* **Exercise brief**: The answer is the exact run of lines in the listing below from the line containing "Lennon-Mini-Dress-Anana-soleil-fleur-palm-noosa1.webp" up to and including the line containing "Los jugadores del", with pictures removed.

* **Supplied data**:
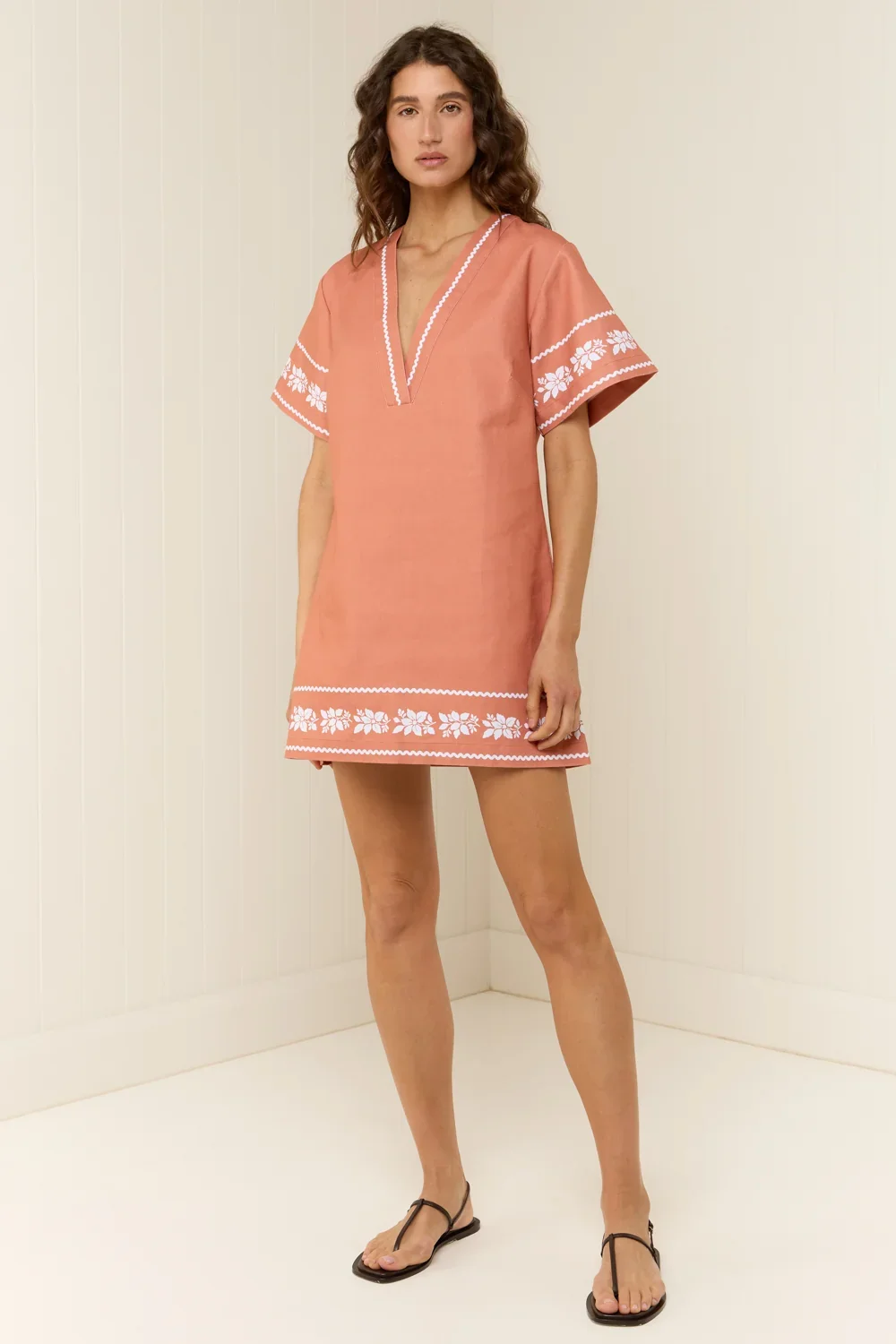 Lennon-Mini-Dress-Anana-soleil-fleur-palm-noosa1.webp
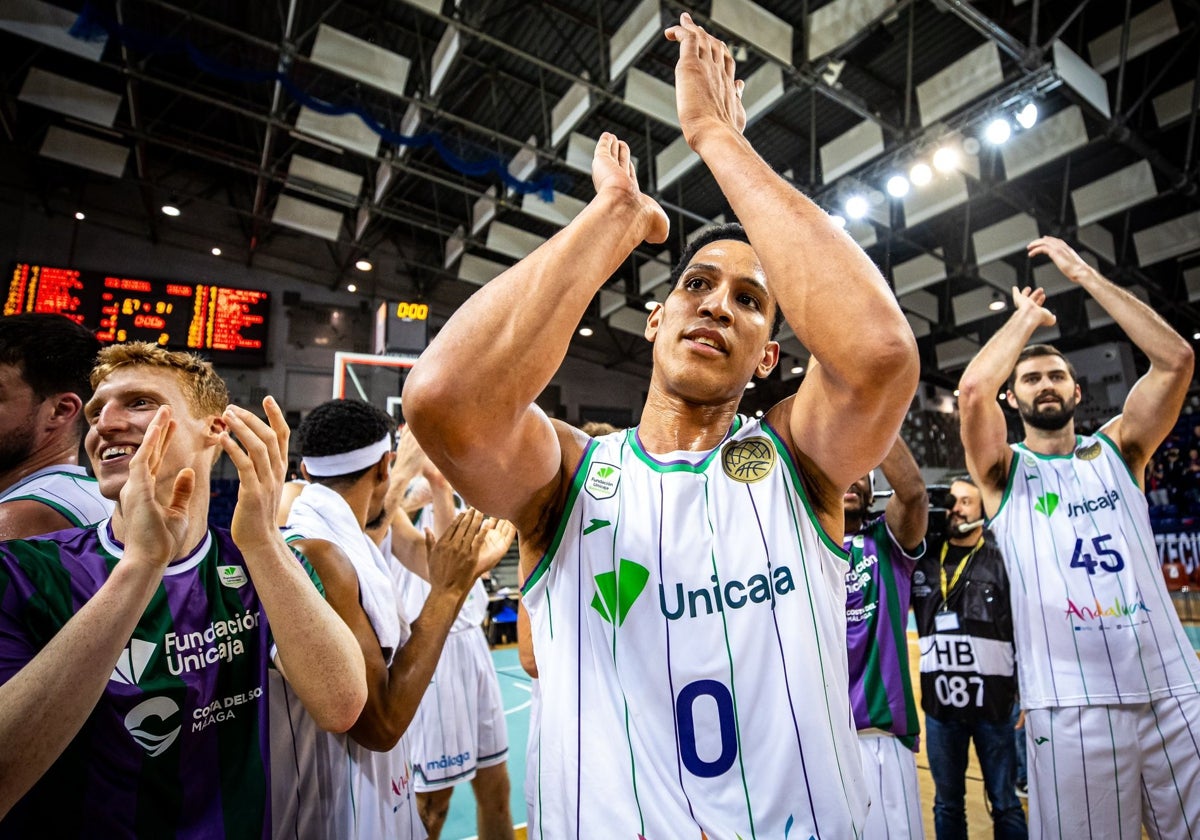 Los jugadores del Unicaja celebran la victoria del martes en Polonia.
...
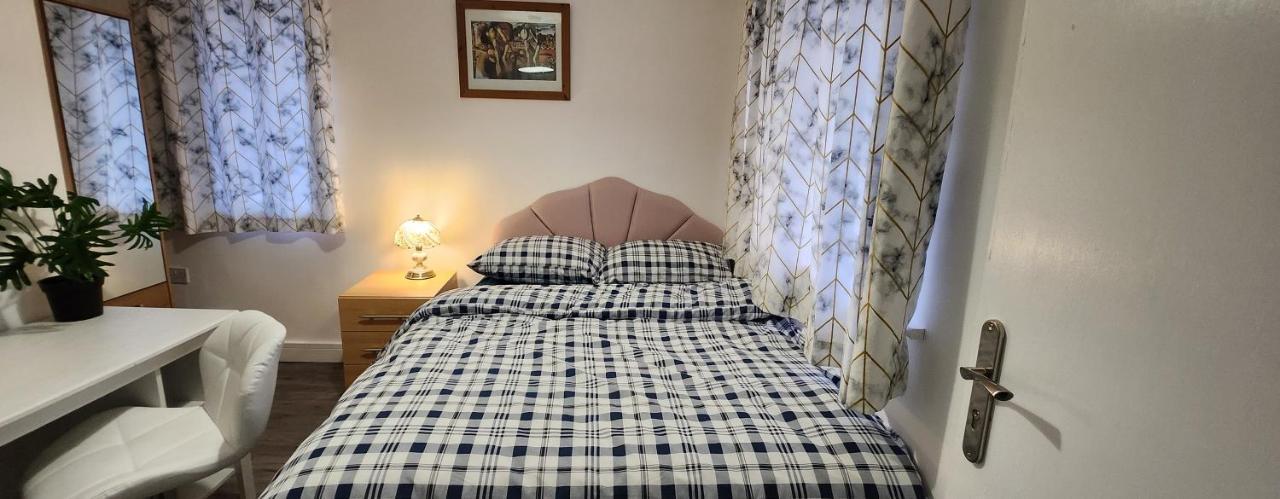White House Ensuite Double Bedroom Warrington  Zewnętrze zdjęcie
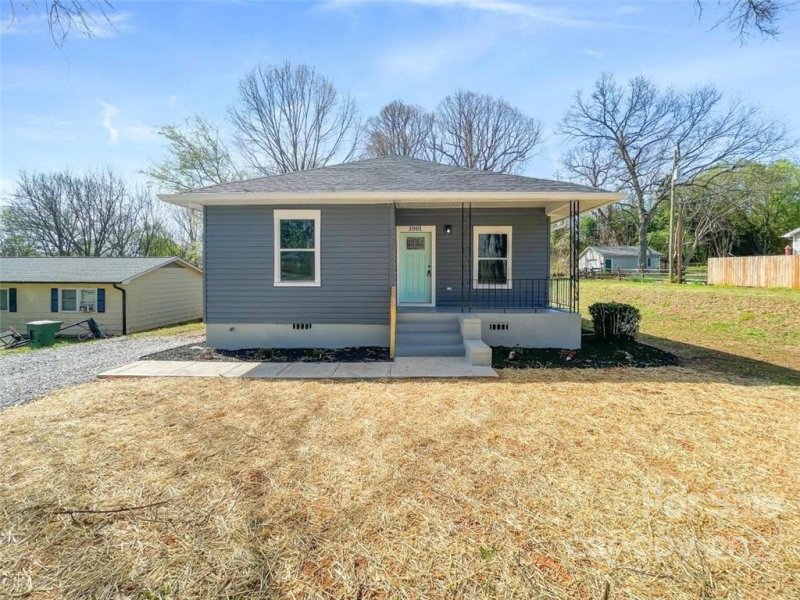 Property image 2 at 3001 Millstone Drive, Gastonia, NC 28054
...
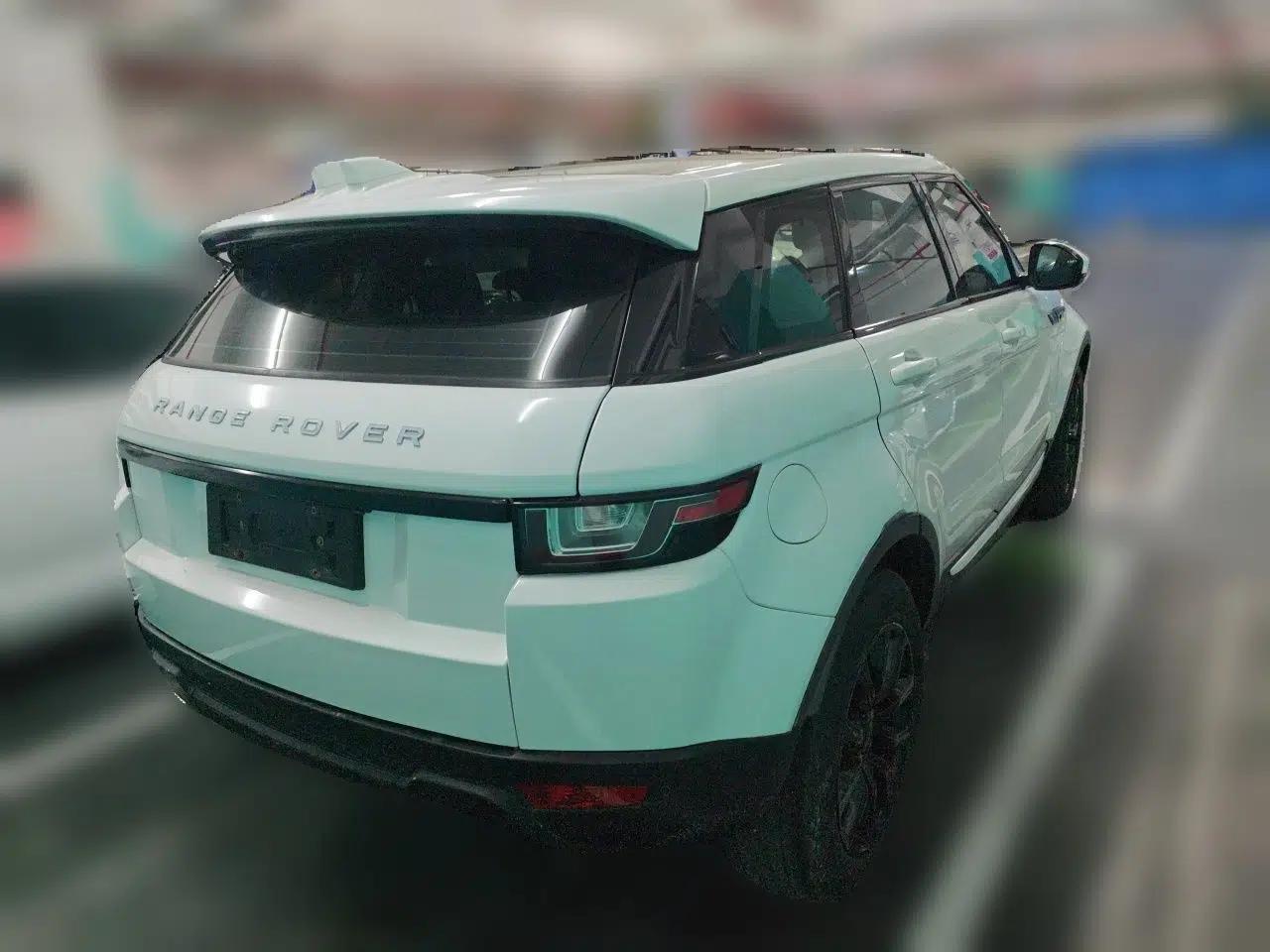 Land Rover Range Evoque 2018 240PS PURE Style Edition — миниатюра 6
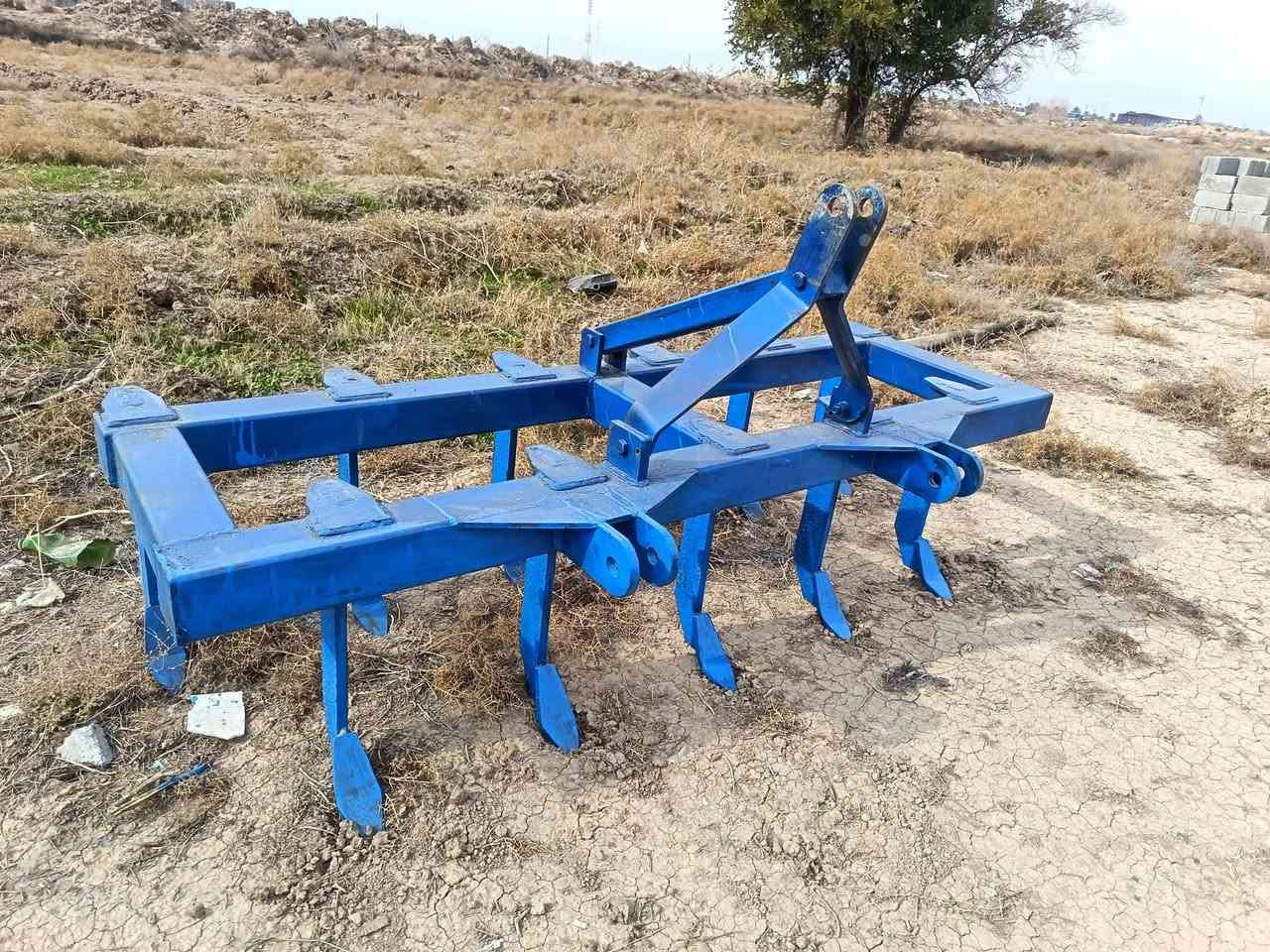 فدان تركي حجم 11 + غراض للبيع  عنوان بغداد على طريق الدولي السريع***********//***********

* **Solution to this exercise**:
 Lennon-Mini-Dress-Anana-soleil-fleur-palm-noosa1.webp
 Los jugadores del Unicaja celebran la victoria del martes en Polonia.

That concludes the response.